Join the conversation later on Andre Perry’s radio show, “Free College,” hosted Tuesdays on WBOK1230 in New Orleans at 3pm Central/4pm Eastern 504.260.9265.

But not saying the word “equity” is a pretty good sign that you’re not for it. Consequently, state leaders can’t rely on U.S. Secretary of Education Betsy DeVos — who seemingly has a hard time uttering the word — to support their equity agenda.

On the same day as the CCSSO meeting, DeVos gave two speeches (one of them to CCSSO) and the word “equity” did not feature in her prepared remarks for either of them.

Republicans ought to have learned that Donald Trump won the presidency partially by repudiating the greed, elitism and callousness of the Republican establishment represented by the swamp he promised to drain. After losing the presidential election, Democrats gnashed their teeth and rended their garments trying to figure out ways to win back working-class white folk.

Well, all working-class lives matter. And the call for equity in schooling can be a rallying cry for people who vote differently but face a common problem — not getting an education that will help lift them to the middle class.

Related: Dear Mr. Governor: How you can help poor kids in Louisiana go to college

In its paper, CCSSO defines equity in education as students not being limited by their circumstances with regard to “the resources and educational rigor necessary for success.”

Apart from the racism, poor white folk have been treated like poor black people for decades and they are just starting to realize it.

To reach this lofty goal, members of CCSSO committed to the 10 actions detailed in “Leading for Equity,” such as holding themselves accountable to equity goals, providing tailored support to local districts and investments in early childhood. These actions seem deliberately designed to appeal to both political parties, including strategies that have been suggested by free-market conservatives and that blue-dog Democrats have utilized in the past.

But if state officials really want to advance equity, then they will need outside assistance, because unlike the word “choice,” “equity” isn’t a term bandied about by most Republicans. And saying you will provide school choice through charters or a cheap voucher to a low-performing school isn’t the same as giving schools that low-income families attend the resources needed for success.

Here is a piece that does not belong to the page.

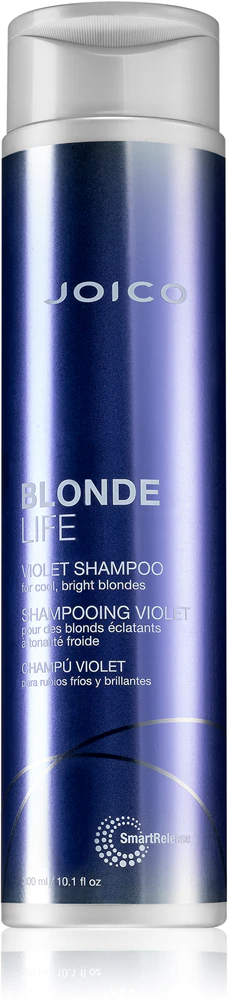 Joico Blonde Life Violet Shampoo violet shampoo for blonde and streaked hair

For the religious DeVos, “equity” seemingly qualifies as profanity. But her muteness is really a symptom of political polarization and racism. Like DeVos, most Republicans reject equity — probably because Democrats, and black and brown civil rights organizations, have embraced it. On the other side of the aisle, Dems throw the word around as if saying it three times in a row will magically give them a majority in the House and Senate. But we need to work together to uplift all Americans, no matter who they vote for. That’s why despite having a supermajority, Republicans still need some help from Democrats in providing equity to their conservative constituents.

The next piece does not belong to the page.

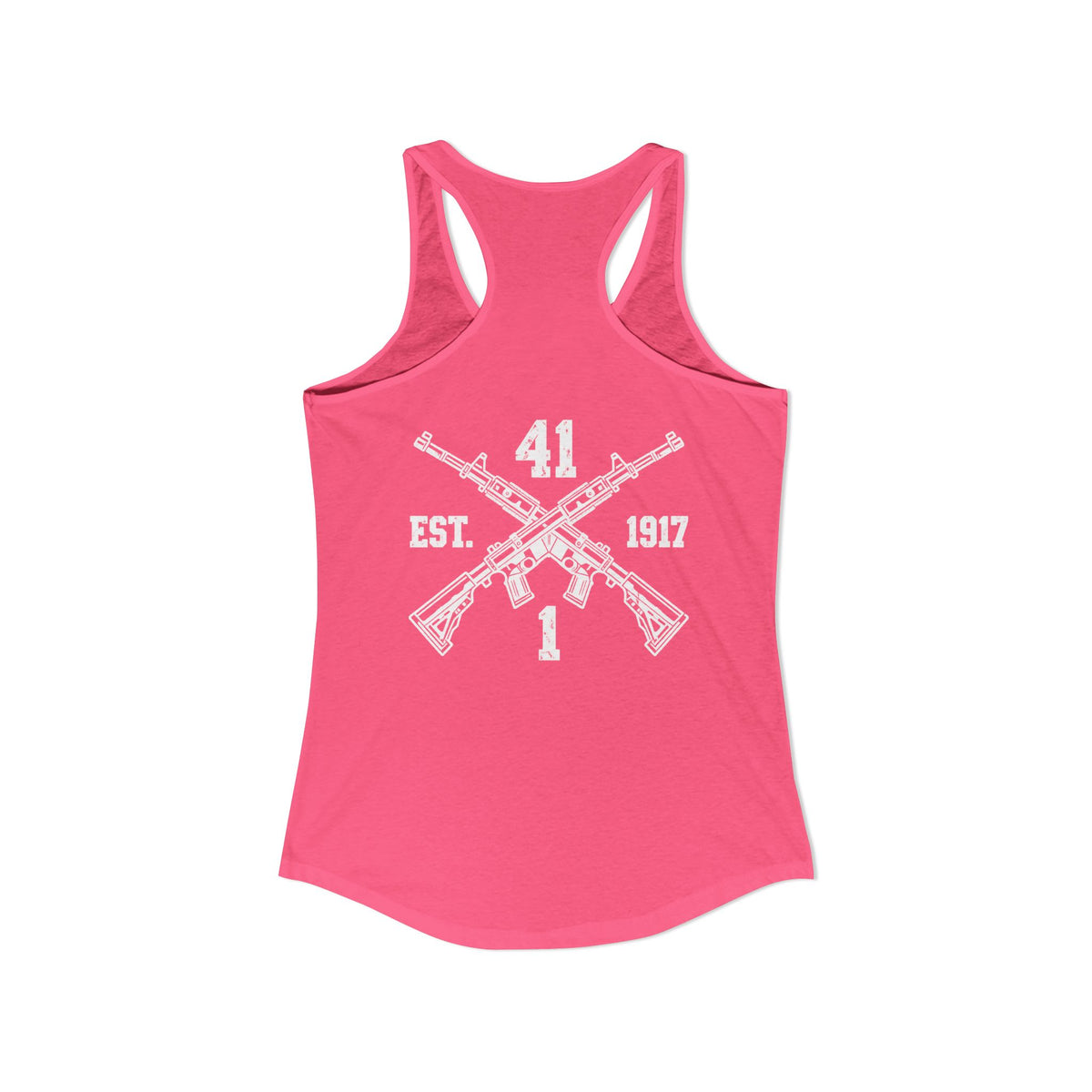 Dynasty 1-41 EST 1917 D1 - Women's Ideal Racerback Tank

Related: Stop condemning high schools for college graduation rates

According to the National Conference of State Legislatures, as of March 2017, Republications controlled 32 state legislatures — meaning they had a majority of seats — compared to Democrats with 14. Three legislatures were split or tied, and one is nonpartisan. Republicans, who hold 52 senate seats, are the majority party in the 115th Congress. Democrats hold 46 seats and there are two independents, both of whom caucus with Democrats.

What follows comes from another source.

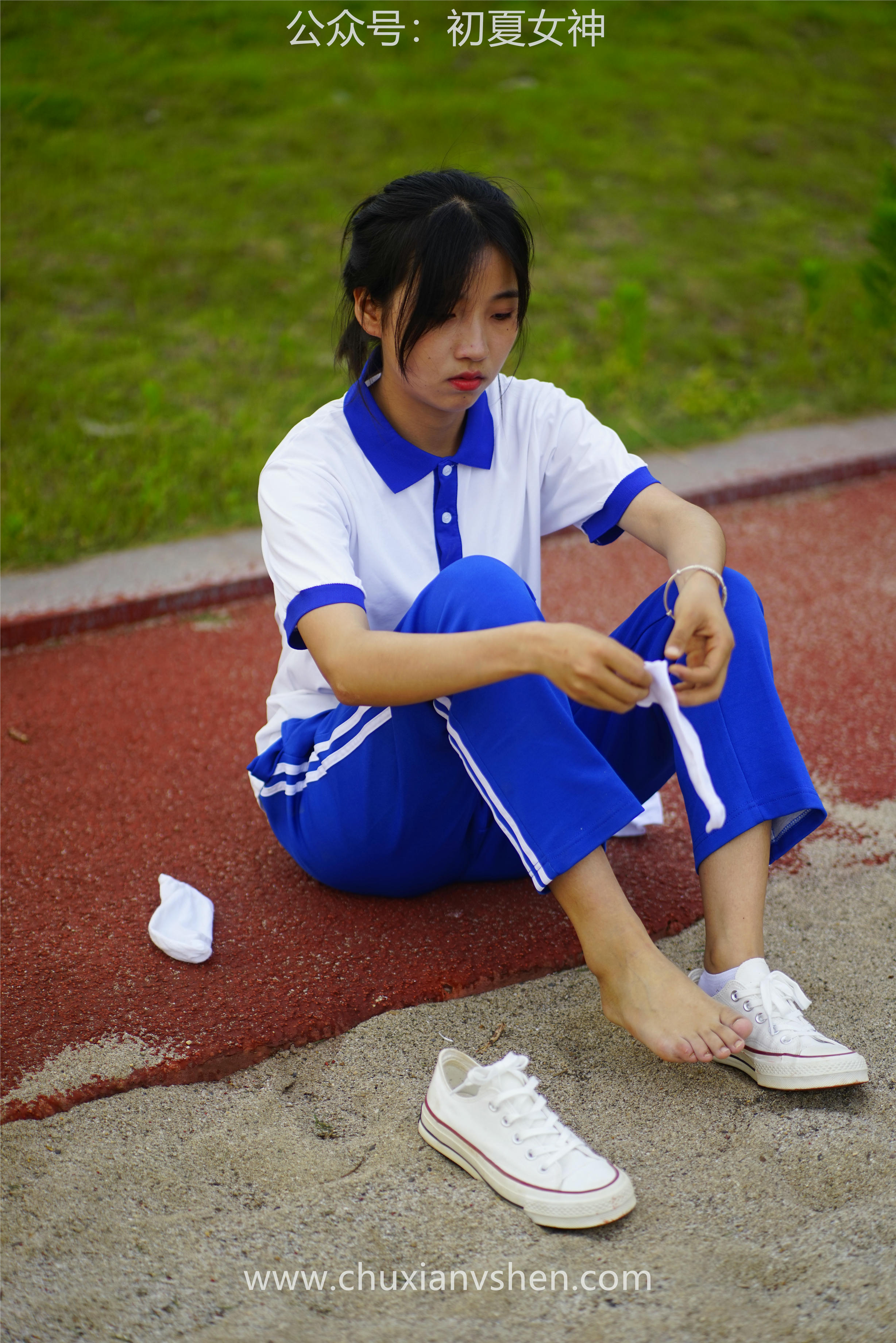 初夏女神 NO.063 点点 跳远运动[171P+2V／6.64GB]_第2集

This poses a unique opportunity for organizations that are willing to serve poor folk. Organizations that can say poor whites need equity as much as low-income black folk are better equipped to deliver on the CCSSO’s agenda.

In very simple terms, Republicans can utilize left-leaning groups who know and believe in equity.

School superintendents have read the tea leaves; they know they need to act. Apart from the racism, poor white folk have been treated like poor black people for decades and they are just starting to realize it. Now they just need to be able to say, no, shout the word “equity.” Their representatives won’t have any choice but to listen.